石油の鉄道輸送が過去最高に〜安全への懸念も

 国内の石油生産が空前のブームを迎えてパイプラインがフル稼働する中で、石油の鉄道輸送量が過去最高の水準に達している。

 米鉄道協会(AAR)の最新統計によると、2013年上半期(1〜6月)の石油の鉄道輸送量は、前年同期比で48%の大幅増を記録した。貨物車で35万5933両分に上り、09年同期の5358両から急激に伸びている。

 鉄道輸送量の増加は、ノースダコタ州のバッケン・シェールやテキサス州のイーグル・フォードの生産急増と深く関係し、大量の石油はメキシコ湾岸や米・カナダ東海岸の製油所に向けて運ばれている。

 鉄道輸送は通常、パイプラインや船舶での輸送より割高だが、パイプライン敷設をめぐる許認可や建設に長期間を要するため、鉄道輸送の需要が増している。

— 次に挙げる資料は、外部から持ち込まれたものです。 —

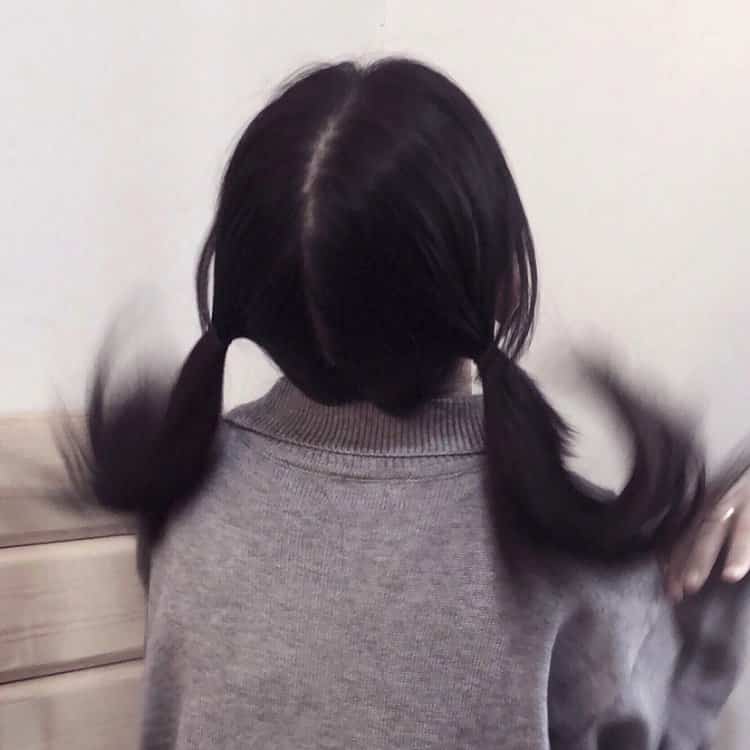 可爱双马尾女生背影头像 清纯可爱双辫子不露脸真人女头_9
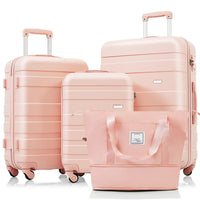 Luggage Sets 4 Piece, Abs Durable Suitcase With Travel Bag, Carry On Luggage Suitcase Set With 360 Spinner Wheels, Pink Pink Abs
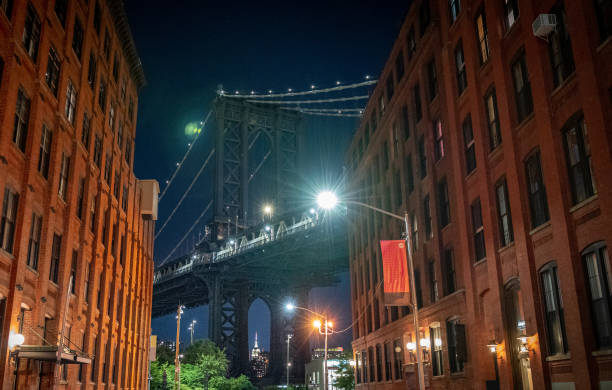 Dumbo in Brooklyn at night, USA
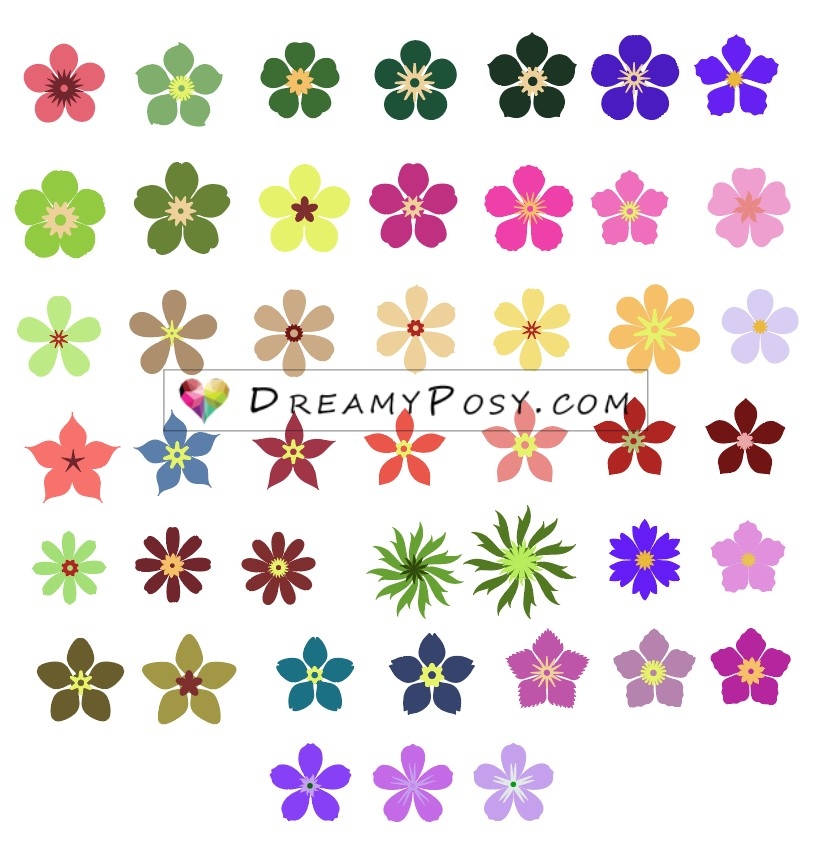 5 Petal Flower Template Svg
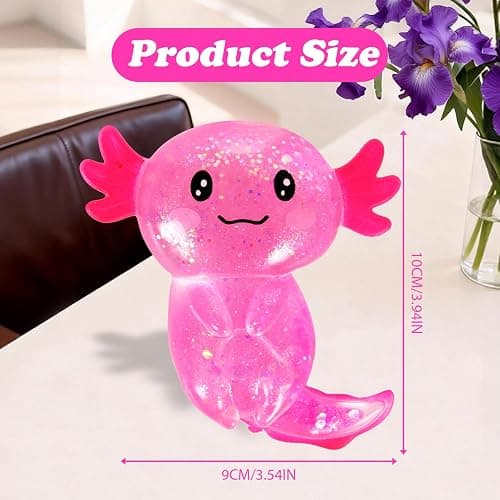 Axolotl Squishy Stress Ball, Soft TPR Slow Rising Squeeze Toy, Cute Axolotl Fidget Toy for Stress Relief, Anxiety Calming Sensory Toy for Kids Adults(Pink Long Tail Axolotl) thumbnail 2
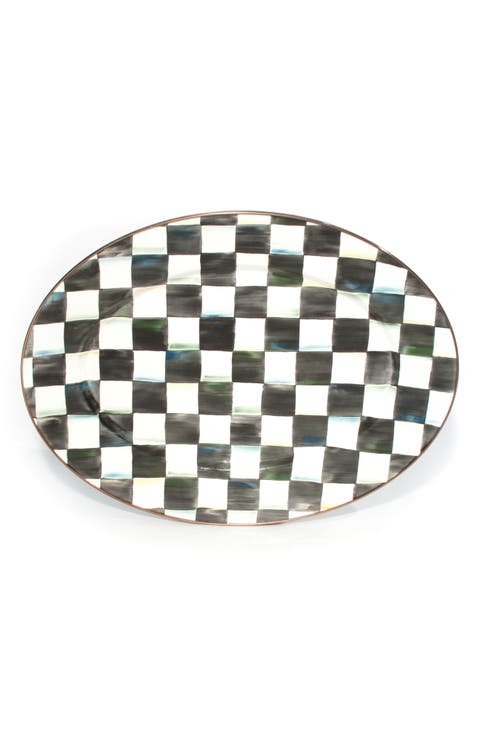 Courtly Check Medium Enameled Steel Oval Platter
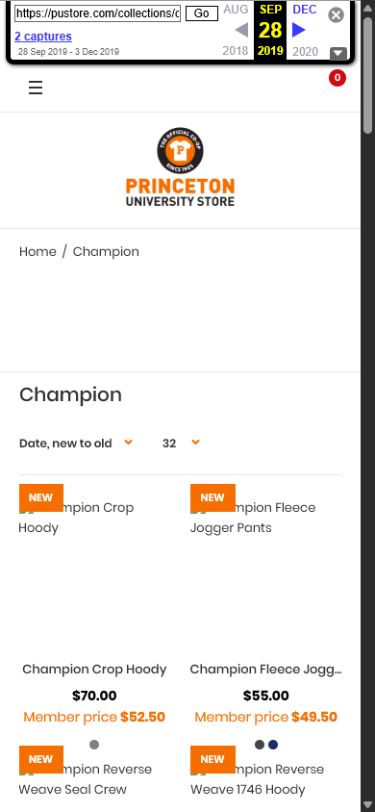 Archived Princeton University Store collection on mobile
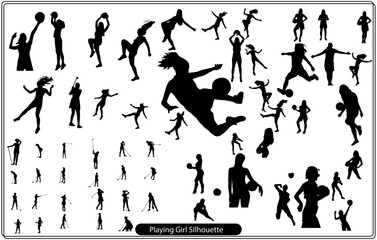 Nineteen silhouettes of playing girls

 一方、カナダ・ケベック州では最近、石油貨物列車の脱線・爆発事故が発生した。16日現在で少なくとも24人が死亡する大惨事になっており、鉄道輸送の安全問題に関心が集まっている。

 パイプライン事業者が、石油の輸送手段ではパイプラインが最も事故発生率が低いと強調するのに対し、鉄道業界側は、石油流出事故が起きた場合のパイプラインの流出量は鉄道をはるかに上回ると指摘する。スミス・カレッジ(マサチューセッツ州)の鉄道専門家、マーク・アルドリッチ名誉教授(経済学)によると、鉄道輸送全体の事故発生率は、1990年代前半と比べ約40%低下している。

 CNNマネーが連邦鉄道管理局の統計を基に鉄道会社の安全性を比較したところ、過去5年間はノーフォーク・サザン鉄道が最も優秀な記録を残している。